Following the recent death of noted director Nicolas Roeg, the classy streaming service FilmStruck, going down swinging in its final month, made a number of his old films available. This gave me a chance to watch Performance (1970), a movie I have vague memories of seeing in film class decades ago. It didn’t make much of an impression then, but I must have been too young to appreciate it, because this time it struck me as one of his best efforts.
Performance is a disorienting, edgy film about an unrepentant mafia hood named Chas (James Fox). Chas prowls the streets of London enforcing a protection racket with a little too much enjoyment for the violent, destructive work. Indeed, Chas is so overzealous that he gets on his employers’ bad side; when a job goes sour, he goes on the lam, changing his identity and renting a room from reclusive former rock star Turner (Mick Jagger). Insinuating himself with Turner and his girlfriends Pherber (Anita Pallenberg) and Lucy (Michele Breton), Chas thinks he’s putting one over on his hosts as he plots his escape to America. But the bohemian trio turns the tables on him, forcing him to question his brutal, macho identity.

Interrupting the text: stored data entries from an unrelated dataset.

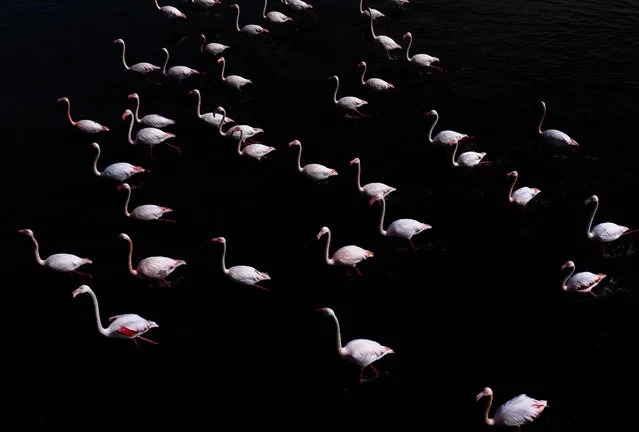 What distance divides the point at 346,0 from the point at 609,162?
66.8 feet

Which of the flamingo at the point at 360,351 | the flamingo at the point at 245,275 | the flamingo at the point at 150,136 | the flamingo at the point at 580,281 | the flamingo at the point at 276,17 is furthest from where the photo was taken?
the flamingo at the point at 276,17

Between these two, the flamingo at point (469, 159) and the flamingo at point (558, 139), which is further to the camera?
the flamingo at point (558, 139)

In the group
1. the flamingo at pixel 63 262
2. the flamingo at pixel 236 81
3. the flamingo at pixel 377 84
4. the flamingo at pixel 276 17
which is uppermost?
the flamingo at pixel 276 17

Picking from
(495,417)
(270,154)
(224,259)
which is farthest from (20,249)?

Like much of Roeg’s early output, Performance is unique, challenging, transgressive for its time, and striking in its extraordinary visuals. He deploys disorienting French New Wave editing over his London crime story, which somehow manages a kind of grimy Technicolor look. The dialogue has a muddy, stream-of-conscious feel, forcing the viewer to decode the story and its meaning from its audio-visual assault. But the message gets across, as Roeg’s characteristic fascination with sex, violence, and identity sets its sights on posturing and toxic masculinity. Interesting, memorable stuff.